● Task description:
Reproduce every record verbatim but drop the pictures.

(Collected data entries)
>>>>>

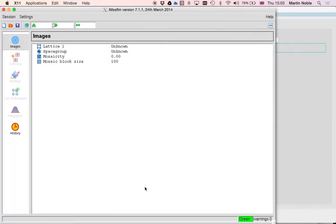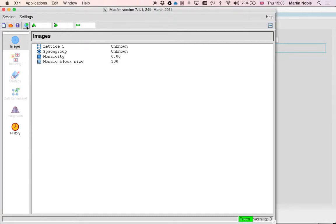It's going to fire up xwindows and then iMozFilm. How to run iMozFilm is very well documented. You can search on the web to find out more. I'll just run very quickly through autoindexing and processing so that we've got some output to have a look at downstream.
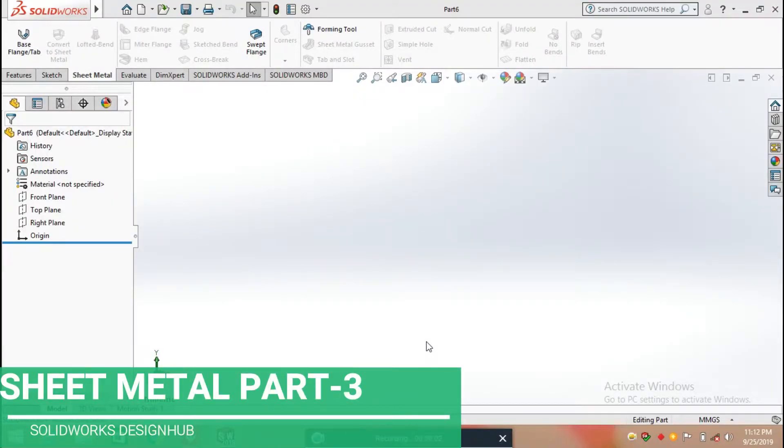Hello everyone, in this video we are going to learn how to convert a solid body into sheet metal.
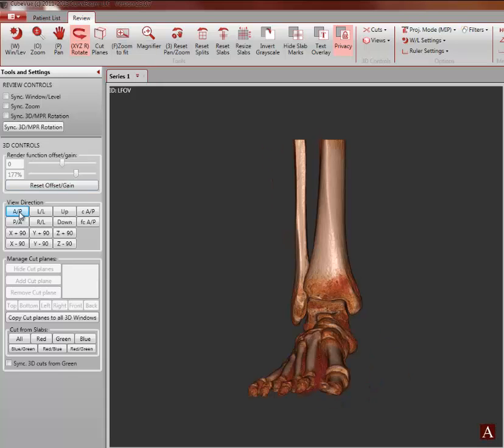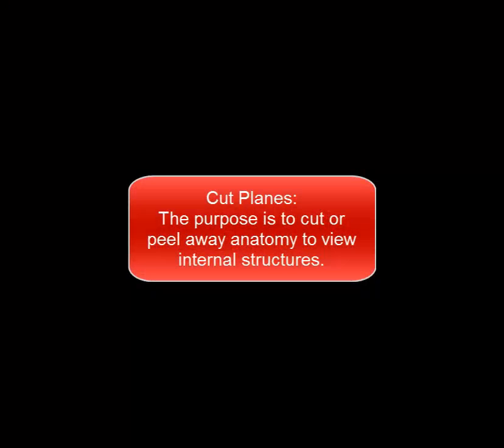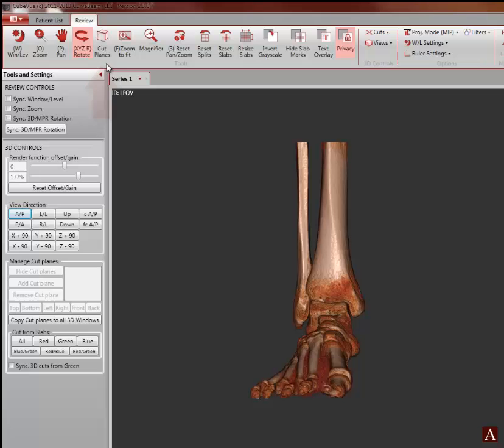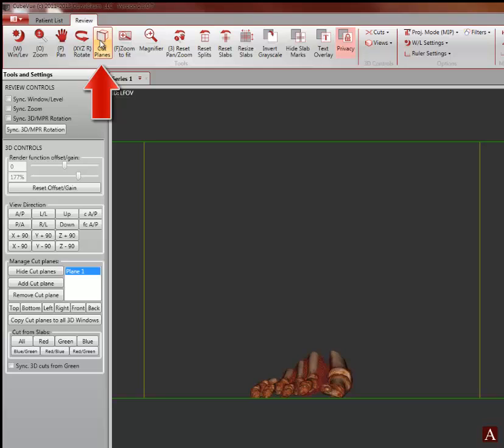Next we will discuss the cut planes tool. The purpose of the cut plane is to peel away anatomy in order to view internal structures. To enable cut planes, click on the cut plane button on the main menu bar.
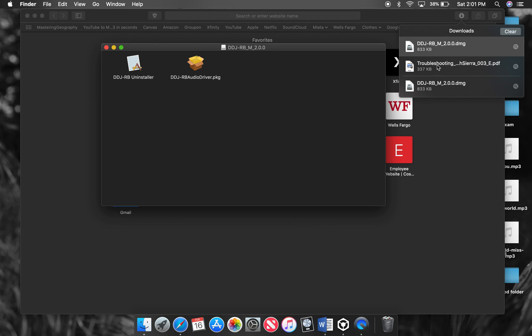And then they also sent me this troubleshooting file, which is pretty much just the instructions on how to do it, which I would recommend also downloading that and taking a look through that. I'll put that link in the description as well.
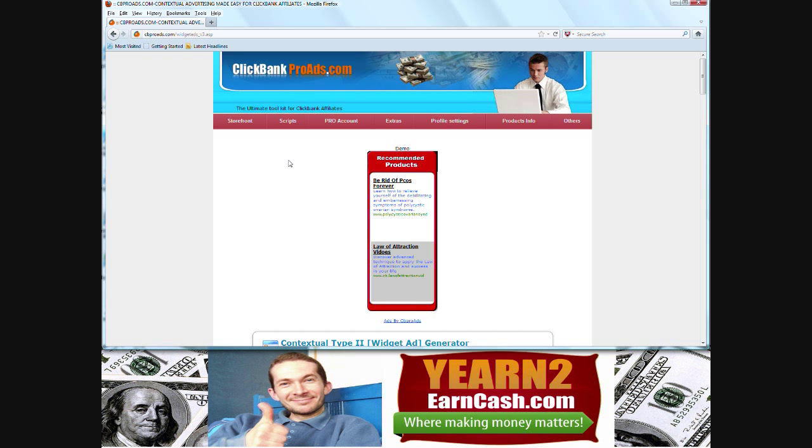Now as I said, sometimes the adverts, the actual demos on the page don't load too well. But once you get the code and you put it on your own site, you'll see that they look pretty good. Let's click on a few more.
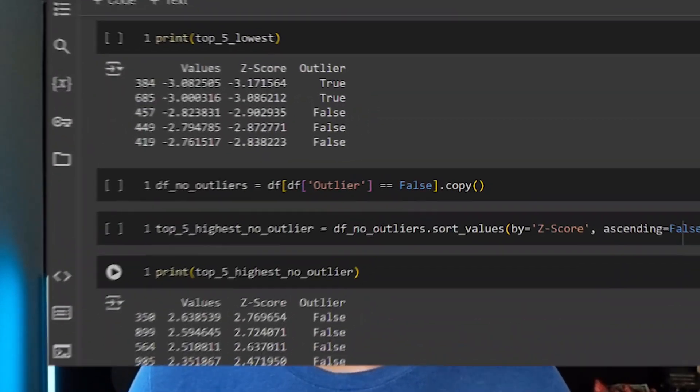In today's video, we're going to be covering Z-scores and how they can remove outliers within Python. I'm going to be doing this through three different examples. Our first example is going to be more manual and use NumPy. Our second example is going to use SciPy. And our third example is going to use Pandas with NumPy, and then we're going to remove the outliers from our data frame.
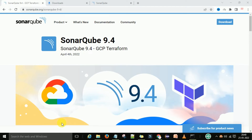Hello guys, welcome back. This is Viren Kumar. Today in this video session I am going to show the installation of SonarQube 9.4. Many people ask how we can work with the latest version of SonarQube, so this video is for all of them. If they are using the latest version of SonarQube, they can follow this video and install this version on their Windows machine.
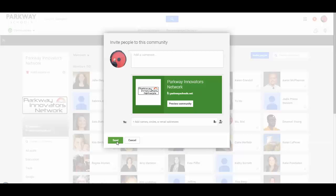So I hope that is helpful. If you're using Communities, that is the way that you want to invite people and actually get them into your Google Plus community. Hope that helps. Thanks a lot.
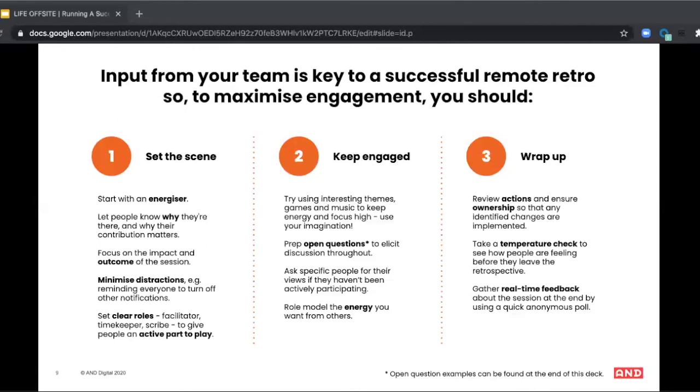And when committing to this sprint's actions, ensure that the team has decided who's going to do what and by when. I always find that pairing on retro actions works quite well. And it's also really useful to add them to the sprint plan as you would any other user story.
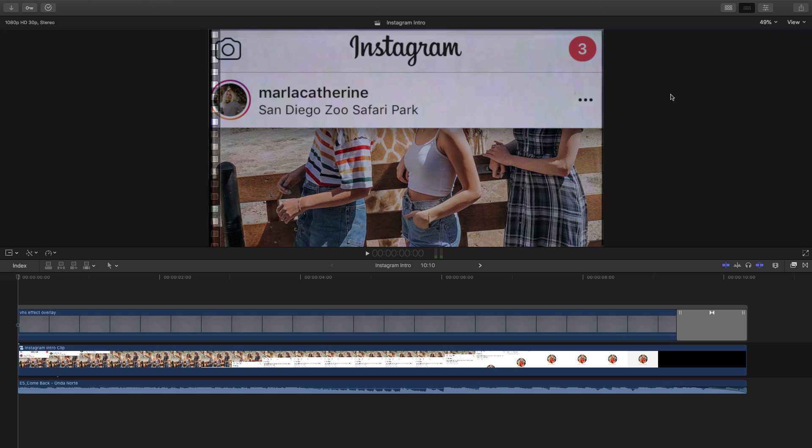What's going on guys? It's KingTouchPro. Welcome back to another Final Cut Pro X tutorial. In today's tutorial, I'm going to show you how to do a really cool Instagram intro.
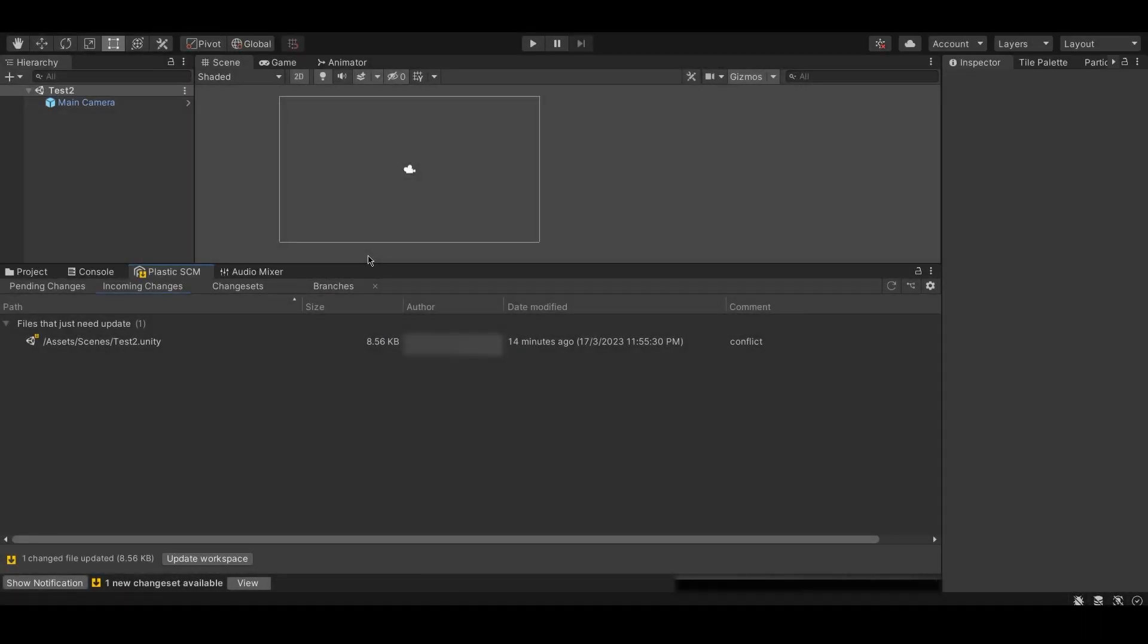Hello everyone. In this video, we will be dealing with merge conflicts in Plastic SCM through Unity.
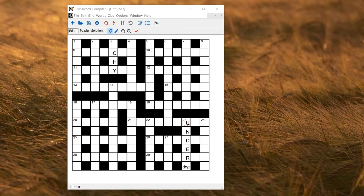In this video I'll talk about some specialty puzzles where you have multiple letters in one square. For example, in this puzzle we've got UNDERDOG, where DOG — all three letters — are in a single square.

<<<<<

● Written solution:
It's going to fire up xwindows and then iMozFilm. How to run iMozFilm is very well documented. You can search on the web to find out more. I'll just run very quickly through autoindexing and processing so that we've got some output to have a look at downstream.
Hello everyone, in this video we are going to learn how to convert a solid body into sheet metal.
Next we will discuss the cut planes tool. The purpose of the cut plane is to peel away anatomy in order to view internal structures. To enable cut planes, click on the cut plane button on the main menu bar.
And then they also sent me this troubleshooting file, which is pretty much just the instructions on how to do it, which I would recommend also downloading that and taking a look through that. I'll put that link in the description as well.
Now as I said, sometimes the adverts, the actual demos on the page don't load too well. But once you get the code and you put it on your own site, you'll see that they look pretty good. Let's click on a few more.
In today's video, we're going to be covering Z-scores and how they can remove outliers within Python. I'm going to be doing this through three different examples. Our first example is going to be more manual and use NumPy. Our second example is going to use SciPy. And our third example is going to use Pandas with NumPy, and then we're going to remove the outliers from our data frame.
Hello guys, welcome back. This is Viren Kumar. Today in this video session I am going to show the installation of SonarQube 9.4. Many people ask how we can work with the latest version of SonarQube, so this video is for all of them. If they are using the latest version of SonarQube, they can follow this video and install this version on their Windows machine.
So I hope that is helpful. If you're using Communities, that is the way that you want to invite people and actually get them into your Google Plus community. Hope that helps. Thanks a lot.
And when committing to this sprint's actions, ensure that the team has decided who's going to do what and by when. I always find that pairing on retro actions works quite well. And it's also really useful to add them to the sprint plan as you would any other user story.
What's going on guys? It's KingTouchPro. Welcome back to another Final Cut Pro X tutorial. In today's tutorial, I'm going to show you how to do a really cool Instagram intro.
Hello everyone. In this video, we will be dealing with merge conflicts in Plastic SCM through Unity.
In this video I'll talk about some specialty puzzles where you have multiple letters in one square. For example, in this puzzle we've got UNDERDOG, where DOG — all three letters — are in a single square.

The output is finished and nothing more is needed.